-- AVAILABLE DATA follows --

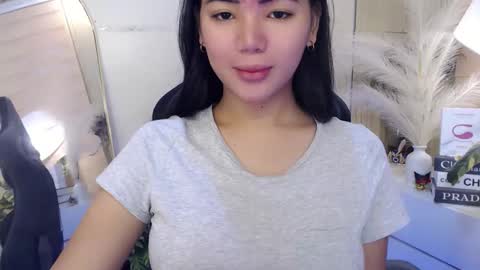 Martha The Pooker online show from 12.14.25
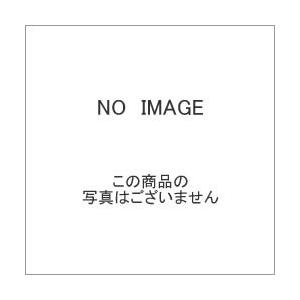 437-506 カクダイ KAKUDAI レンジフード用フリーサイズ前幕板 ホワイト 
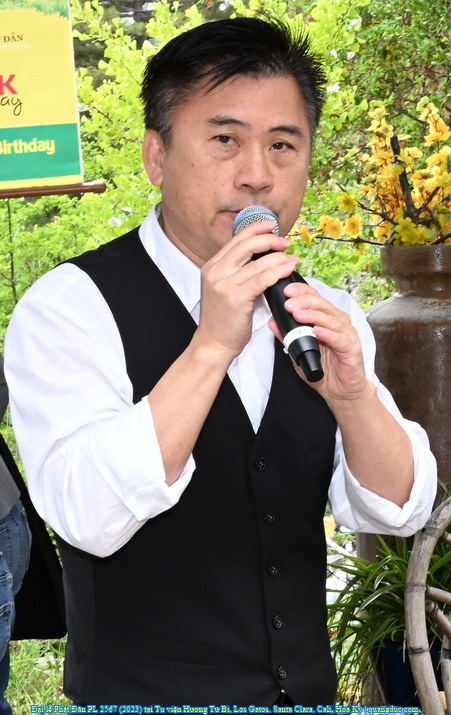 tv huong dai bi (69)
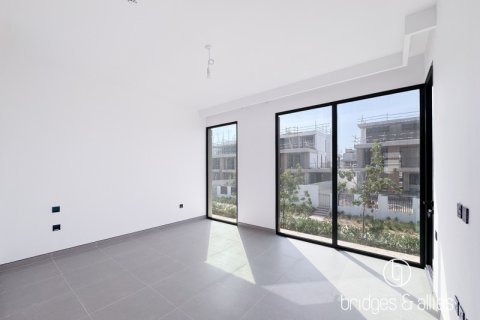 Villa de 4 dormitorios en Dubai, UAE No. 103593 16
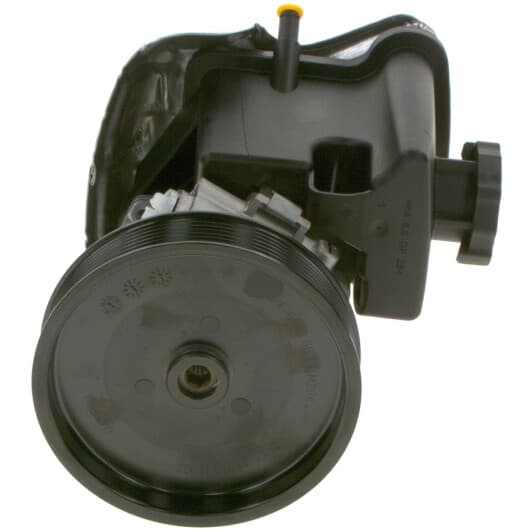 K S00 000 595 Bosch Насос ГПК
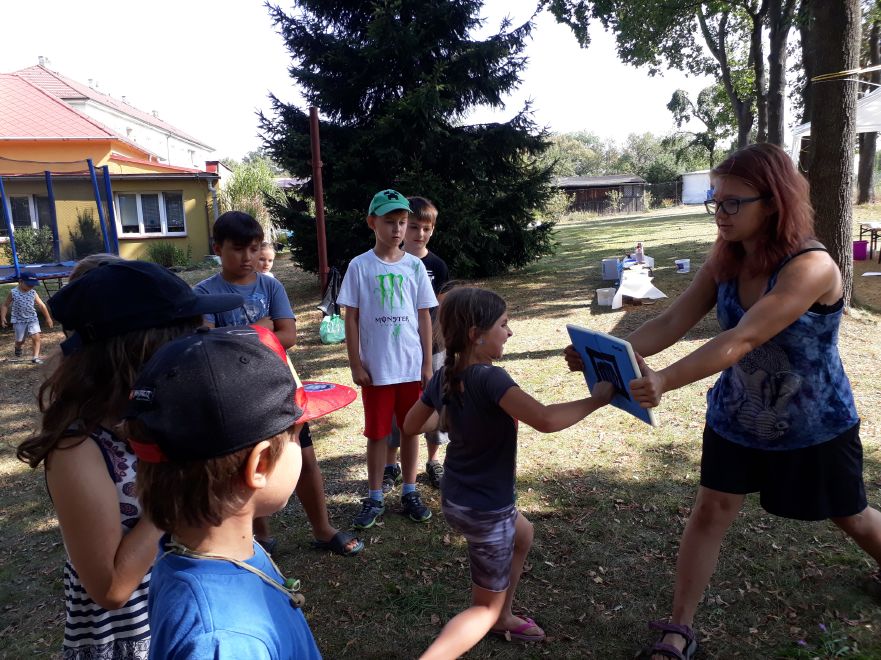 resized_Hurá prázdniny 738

-- AVAILABLE DATA concluded --

** THE PROBLEM **
Print all of the entries word for word. Skip any images they contain.

** RESPONSE FOR THIS EXERCISE **
 Martha The Pooker online show from 12.14.25
 437-506 カクダイ KAKUDAI レンジフード用フリーサイズ前幕板 ホワイト 
 tv huong dai bi (69)
 Villa de 4 dormitorios en Dubai, UAE No. 103593 16
 K S00 000 595 Bosch Насос ГПК
 resized_Hurá prázdniny 738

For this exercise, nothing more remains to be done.